-- GIVEN RECORDS follows --

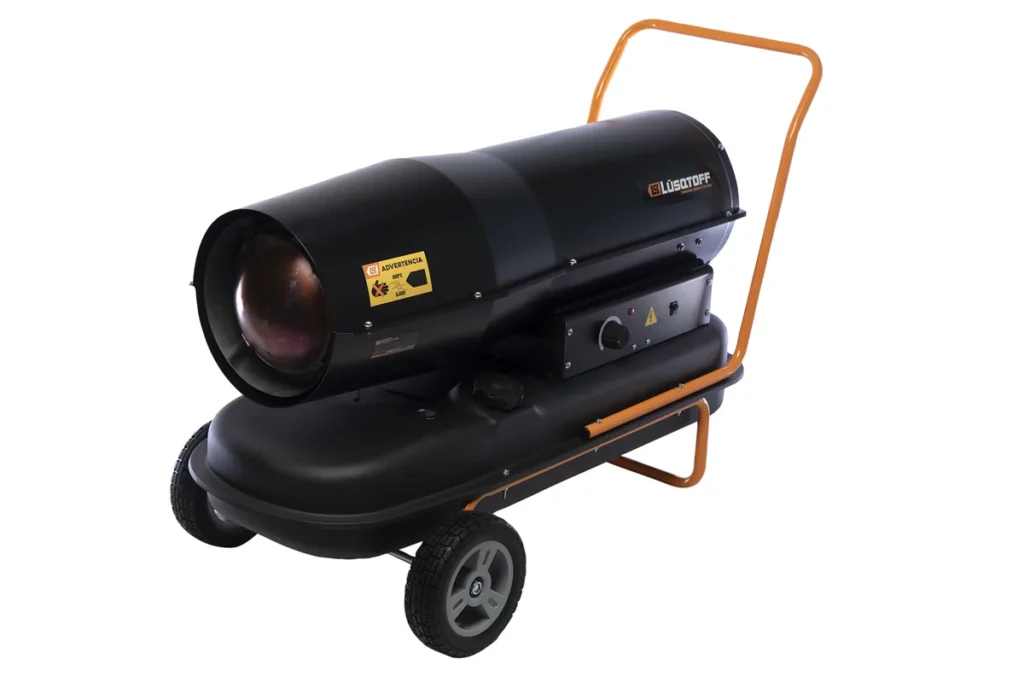 CALEFACTOR LUSQTOFF KEROSENE-DIESEL 53000KCAL 56L 220V 6LTS/H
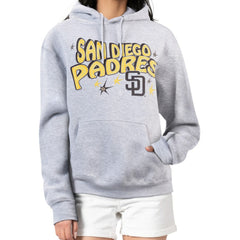 San Diego Padres Starter Women's Fireworks Fleece Tri-Blend Pullover Hoodie On Sale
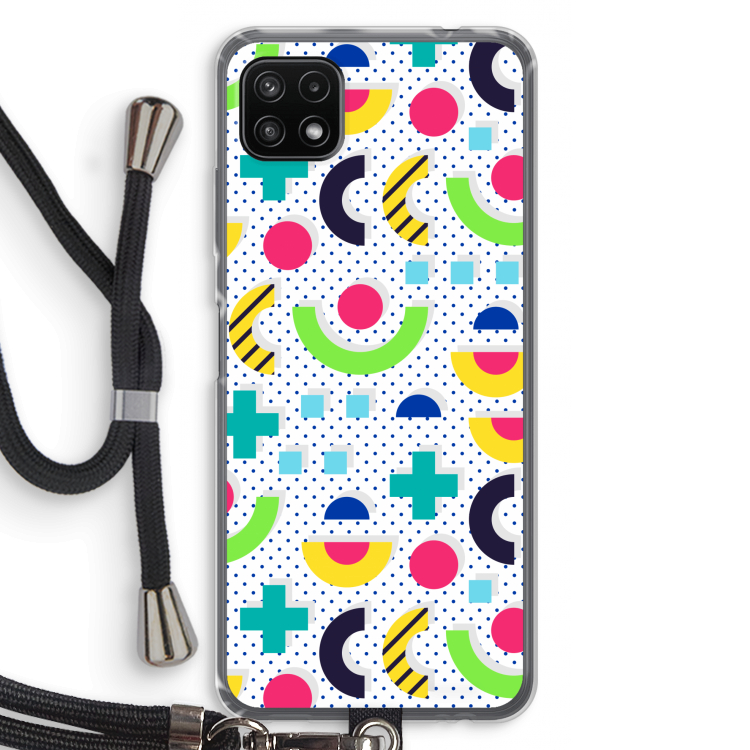8-bit N°1: Samsung Galaxy A22 5G Transparant Hoesje met koord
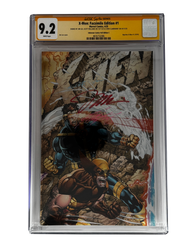 [TRIPLE SIGNED CGC YELLOW LABEL 4 PACK FOIL] X-Men 1991 #1 Facsimile Jim Lee | Claremont |  Williams Cover Var [Set #4] (ONLINE ORDER ONLY)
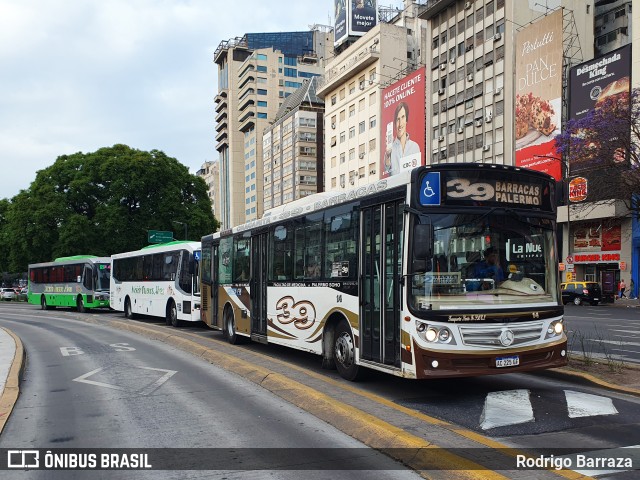 Transportes Santa Fe 14 na cidade de Buenos Aires, Argentina, por Rodrigo Barraza. ID da foto: 11696512.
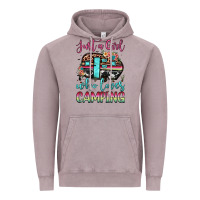 Just A Girl Who Loves Camping Vintage Hoodie | Teevron
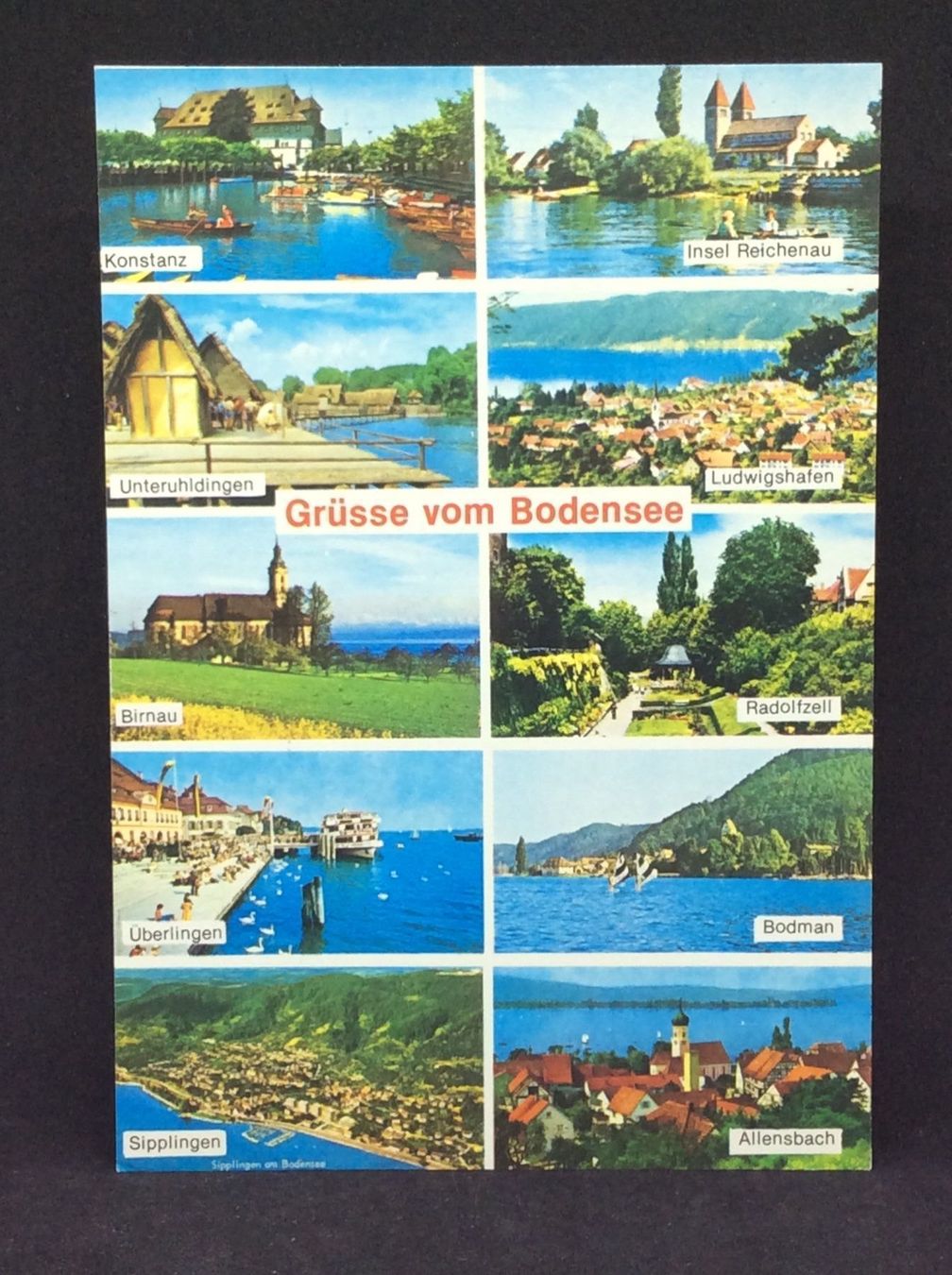 Cartoline postali: Bodensee: Grüsse v Bodensee/Der Bodensee ist eine Reise wert – Usato da Widnau venduto da Brusi9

-- GIVEN RECORDS concluded --

WHAT YOU WILL DO:
Leave out every picture, and repeat word for word only the lines from the one holding "Just A Girl" through the end of the entries above, both ends included.

YOUR SOLUTION:
 Just A Girl Who Loves Camping Vintage Hoodie | Teevron
 Cartoline postali: Bodensee: Grüsse v Bodensee/Der Bodensee ist eine Reise wert – Usato da Widnau venduto da Brusi9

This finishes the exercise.